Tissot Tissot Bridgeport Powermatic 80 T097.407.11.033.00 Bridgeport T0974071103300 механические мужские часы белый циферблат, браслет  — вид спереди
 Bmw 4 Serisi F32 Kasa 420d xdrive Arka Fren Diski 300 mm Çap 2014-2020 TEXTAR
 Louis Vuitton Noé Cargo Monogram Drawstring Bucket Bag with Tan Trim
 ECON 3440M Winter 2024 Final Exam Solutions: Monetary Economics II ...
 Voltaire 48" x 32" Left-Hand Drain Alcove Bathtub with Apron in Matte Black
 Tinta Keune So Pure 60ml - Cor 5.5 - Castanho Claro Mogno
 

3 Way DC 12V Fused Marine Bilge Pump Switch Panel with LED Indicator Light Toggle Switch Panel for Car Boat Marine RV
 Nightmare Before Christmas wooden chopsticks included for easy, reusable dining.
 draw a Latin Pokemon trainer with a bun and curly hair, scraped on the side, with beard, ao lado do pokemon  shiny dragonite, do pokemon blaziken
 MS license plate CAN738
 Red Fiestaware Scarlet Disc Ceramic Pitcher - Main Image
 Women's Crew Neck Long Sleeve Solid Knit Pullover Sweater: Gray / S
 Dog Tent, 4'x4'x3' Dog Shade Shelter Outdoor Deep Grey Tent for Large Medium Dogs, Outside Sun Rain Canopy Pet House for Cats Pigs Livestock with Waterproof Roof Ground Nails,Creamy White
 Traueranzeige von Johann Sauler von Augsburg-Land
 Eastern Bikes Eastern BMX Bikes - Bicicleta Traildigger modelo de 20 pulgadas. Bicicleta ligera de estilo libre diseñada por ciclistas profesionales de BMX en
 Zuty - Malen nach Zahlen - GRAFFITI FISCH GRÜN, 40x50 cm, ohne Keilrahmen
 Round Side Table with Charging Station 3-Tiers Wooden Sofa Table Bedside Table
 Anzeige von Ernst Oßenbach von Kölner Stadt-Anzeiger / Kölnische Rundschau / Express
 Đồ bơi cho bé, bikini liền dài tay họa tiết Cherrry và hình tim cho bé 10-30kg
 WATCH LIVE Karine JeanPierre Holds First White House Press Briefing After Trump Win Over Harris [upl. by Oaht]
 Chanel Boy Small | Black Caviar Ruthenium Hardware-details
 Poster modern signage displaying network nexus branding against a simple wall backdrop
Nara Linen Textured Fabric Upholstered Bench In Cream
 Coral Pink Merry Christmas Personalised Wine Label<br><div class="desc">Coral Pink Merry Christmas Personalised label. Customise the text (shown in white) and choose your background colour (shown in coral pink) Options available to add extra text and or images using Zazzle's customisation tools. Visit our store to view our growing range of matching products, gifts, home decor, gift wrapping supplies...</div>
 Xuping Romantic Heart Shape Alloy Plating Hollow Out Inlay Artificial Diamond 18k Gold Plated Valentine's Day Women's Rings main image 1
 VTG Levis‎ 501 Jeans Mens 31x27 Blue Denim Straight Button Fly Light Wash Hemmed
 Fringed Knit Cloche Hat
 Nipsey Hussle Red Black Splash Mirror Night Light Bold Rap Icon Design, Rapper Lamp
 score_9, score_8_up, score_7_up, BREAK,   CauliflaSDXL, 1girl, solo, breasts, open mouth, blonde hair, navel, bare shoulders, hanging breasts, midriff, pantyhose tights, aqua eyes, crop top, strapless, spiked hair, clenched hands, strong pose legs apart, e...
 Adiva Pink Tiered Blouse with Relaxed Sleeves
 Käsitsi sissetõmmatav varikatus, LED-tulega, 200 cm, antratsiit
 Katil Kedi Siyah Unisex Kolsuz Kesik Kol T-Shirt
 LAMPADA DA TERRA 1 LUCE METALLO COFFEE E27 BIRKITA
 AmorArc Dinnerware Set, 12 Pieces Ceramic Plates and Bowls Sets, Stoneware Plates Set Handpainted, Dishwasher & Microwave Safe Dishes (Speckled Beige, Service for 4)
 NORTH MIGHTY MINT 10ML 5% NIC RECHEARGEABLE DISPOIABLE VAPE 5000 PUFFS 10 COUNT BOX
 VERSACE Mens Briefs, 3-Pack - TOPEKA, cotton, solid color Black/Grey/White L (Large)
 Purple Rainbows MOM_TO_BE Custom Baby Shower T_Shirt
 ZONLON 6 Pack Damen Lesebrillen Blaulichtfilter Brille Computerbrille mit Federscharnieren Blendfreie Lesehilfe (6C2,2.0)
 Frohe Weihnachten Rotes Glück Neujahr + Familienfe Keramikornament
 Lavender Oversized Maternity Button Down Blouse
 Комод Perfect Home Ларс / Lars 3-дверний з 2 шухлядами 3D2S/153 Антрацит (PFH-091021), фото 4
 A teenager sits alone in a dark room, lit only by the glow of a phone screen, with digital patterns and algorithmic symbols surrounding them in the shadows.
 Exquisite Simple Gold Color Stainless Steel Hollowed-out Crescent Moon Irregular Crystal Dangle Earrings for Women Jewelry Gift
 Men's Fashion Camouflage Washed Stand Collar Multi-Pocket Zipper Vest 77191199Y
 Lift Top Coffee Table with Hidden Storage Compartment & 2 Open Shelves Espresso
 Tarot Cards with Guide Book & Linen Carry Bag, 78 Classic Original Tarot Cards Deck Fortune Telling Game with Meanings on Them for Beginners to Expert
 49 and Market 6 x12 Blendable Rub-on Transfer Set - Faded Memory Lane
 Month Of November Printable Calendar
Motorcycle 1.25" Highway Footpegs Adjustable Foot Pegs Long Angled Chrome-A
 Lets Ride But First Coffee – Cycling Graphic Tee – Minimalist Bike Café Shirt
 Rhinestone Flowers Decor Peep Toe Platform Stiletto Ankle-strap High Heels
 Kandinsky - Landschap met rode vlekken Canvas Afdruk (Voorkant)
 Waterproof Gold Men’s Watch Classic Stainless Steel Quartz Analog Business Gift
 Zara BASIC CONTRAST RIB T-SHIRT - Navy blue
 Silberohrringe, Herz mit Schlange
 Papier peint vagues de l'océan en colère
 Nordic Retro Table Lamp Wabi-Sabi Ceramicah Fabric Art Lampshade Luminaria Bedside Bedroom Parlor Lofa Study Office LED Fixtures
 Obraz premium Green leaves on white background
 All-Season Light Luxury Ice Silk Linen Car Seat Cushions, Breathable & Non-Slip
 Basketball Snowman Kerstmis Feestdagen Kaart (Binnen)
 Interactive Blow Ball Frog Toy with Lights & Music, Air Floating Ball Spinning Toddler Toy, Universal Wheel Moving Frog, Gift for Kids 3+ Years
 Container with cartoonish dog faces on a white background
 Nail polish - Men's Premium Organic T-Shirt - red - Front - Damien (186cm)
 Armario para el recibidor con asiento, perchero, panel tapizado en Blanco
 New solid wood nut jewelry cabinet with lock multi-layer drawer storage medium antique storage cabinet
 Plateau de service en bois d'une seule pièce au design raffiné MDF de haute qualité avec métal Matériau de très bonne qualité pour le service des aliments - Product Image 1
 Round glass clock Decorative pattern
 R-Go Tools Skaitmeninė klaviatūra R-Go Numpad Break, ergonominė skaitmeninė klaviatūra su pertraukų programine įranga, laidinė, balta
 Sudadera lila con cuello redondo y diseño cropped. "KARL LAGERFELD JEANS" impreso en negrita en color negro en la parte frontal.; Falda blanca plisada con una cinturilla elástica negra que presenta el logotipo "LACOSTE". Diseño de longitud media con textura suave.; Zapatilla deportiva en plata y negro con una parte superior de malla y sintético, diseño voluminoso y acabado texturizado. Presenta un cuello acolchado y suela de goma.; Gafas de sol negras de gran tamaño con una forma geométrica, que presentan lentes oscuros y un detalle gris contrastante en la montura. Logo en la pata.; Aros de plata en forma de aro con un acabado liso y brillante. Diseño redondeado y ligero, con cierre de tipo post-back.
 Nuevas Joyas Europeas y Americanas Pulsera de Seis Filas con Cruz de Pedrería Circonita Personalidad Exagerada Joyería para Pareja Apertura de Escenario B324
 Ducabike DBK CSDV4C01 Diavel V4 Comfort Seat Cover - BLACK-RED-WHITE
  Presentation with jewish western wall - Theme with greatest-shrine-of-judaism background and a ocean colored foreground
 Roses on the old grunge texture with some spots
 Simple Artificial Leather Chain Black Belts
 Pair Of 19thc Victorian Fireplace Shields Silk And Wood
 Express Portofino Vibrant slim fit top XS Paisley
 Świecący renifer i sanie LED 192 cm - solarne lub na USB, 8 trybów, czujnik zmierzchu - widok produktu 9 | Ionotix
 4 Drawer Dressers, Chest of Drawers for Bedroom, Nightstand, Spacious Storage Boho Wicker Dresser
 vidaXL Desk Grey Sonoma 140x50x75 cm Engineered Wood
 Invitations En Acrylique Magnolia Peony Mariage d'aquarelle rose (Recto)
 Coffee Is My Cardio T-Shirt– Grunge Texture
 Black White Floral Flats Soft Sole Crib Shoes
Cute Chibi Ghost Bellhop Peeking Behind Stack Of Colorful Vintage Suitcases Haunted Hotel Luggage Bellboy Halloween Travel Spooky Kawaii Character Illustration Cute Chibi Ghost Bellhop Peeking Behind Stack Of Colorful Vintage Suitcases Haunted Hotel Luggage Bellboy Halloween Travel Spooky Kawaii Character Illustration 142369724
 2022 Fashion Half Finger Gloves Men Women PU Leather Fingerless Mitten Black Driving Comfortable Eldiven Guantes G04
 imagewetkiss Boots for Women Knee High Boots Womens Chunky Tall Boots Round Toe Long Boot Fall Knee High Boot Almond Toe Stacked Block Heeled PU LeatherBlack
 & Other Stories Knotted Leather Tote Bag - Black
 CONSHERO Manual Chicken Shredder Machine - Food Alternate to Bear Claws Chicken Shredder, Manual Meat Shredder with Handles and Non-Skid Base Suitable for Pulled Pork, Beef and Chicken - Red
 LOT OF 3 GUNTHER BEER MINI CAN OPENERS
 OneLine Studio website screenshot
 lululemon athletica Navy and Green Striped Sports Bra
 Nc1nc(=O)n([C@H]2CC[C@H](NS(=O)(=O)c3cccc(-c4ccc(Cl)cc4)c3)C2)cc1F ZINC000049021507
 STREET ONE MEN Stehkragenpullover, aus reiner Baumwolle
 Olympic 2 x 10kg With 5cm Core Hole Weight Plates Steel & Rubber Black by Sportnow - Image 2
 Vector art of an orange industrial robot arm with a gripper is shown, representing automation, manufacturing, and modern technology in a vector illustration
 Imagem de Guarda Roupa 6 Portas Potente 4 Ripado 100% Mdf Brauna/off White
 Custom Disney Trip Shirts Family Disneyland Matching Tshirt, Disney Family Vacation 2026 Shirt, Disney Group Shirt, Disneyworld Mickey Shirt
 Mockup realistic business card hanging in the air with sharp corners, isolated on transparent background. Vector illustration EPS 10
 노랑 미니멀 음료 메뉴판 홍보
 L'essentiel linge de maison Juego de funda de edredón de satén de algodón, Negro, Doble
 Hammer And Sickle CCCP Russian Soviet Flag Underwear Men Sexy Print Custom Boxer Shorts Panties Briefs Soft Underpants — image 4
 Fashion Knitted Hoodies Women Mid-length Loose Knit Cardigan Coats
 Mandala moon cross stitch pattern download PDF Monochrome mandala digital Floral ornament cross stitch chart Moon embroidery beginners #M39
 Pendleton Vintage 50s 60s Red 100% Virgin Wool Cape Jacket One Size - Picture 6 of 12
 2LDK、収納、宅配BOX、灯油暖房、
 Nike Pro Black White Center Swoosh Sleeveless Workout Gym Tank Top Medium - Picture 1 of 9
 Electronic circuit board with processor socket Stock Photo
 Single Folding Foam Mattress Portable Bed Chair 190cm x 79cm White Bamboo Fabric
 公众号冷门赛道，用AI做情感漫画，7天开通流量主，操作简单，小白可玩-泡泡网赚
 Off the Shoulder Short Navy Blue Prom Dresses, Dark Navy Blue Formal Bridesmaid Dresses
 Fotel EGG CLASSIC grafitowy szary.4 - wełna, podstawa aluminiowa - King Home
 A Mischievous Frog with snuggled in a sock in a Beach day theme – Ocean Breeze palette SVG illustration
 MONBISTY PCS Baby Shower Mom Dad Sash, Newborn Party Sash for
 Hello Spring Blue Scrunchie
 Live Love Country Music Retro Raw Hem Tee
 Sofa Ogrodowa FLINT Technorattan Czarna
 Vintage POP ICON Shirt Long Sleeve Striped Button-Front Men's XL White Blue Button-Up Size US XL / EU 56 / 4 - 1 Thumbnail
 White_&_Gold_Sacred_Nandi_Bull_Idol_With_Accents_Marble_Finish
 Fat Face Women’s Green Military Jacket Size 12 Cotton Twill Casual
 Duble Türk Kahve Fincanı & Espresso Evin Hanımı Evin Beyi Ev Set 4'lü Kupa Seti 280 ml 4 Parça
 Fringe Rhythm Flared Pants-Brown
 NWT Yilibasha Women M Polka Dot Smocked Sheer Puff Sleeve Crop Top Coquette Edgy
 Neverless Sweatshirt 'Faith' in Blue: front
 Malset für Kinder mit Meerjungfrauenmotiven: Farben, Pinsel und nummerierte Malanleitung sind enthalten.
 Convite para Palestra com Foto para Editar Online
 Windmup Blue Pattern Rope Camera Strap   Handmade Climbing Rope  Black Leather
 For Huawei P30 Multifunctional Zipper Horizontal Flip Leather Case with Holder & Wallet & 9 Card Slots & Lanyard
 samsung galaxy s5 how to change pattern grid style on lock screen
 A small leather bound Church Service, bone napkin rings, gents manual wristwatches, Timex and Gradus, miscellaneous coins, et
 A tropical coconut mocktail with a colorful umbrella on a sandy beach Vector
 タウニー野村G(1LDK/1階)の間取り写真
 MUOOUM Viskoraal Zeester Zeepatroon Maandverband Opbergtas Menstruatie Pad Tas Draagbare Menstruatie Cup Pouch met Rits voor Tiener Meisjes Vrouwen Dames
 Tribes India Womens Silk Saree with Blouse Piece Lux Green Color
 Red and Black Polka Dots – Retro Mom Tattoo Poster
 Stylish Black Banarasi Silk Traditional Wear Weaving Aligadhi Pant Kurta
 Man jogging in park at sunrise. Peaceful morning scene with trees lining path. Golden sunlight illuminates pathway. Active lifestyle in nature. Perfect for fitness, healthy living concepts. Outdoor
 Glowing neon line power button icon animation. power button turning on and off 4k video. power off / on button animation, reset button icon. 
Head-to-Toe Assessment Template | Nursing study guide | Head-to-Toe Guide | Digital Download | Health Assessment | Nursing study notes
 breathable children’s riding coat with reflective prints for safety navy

[What this task involves] Taking the lines above, repeat exactly those from the line that contains "MS license plate CAN738" through the line that contains "Eastern Bikes Eastern", and both of those lines as well. Include nothing else.

[Solution to the problem]
 MS license plate CAN738
 Red Fiestaware Scarlet Disc Ceramic Pitcher - Main Image
 Women's Crew Neck Long Sleeve Solid Knit Pullover Sweater: Gray / S
 Dog Tent, 4'x4'x3' Dog Shade Shelter Outdoor Deep Grey Tent for Large Medium Dogs, Outside Sun Rain Canopy Pet House for Cats Pigs Livestock with Waterproof Roof Ground Nails,Creamy White
 Traueranzeige von Johann Sauler von Augsburg-Land
 Eastern Bikes Eastern BMX Bikes - Bicicleta Traildigger modelo de 20 pulgadas. Bicicleta ligera de estilo libre diseñada por ciclistas profesionales de BMX en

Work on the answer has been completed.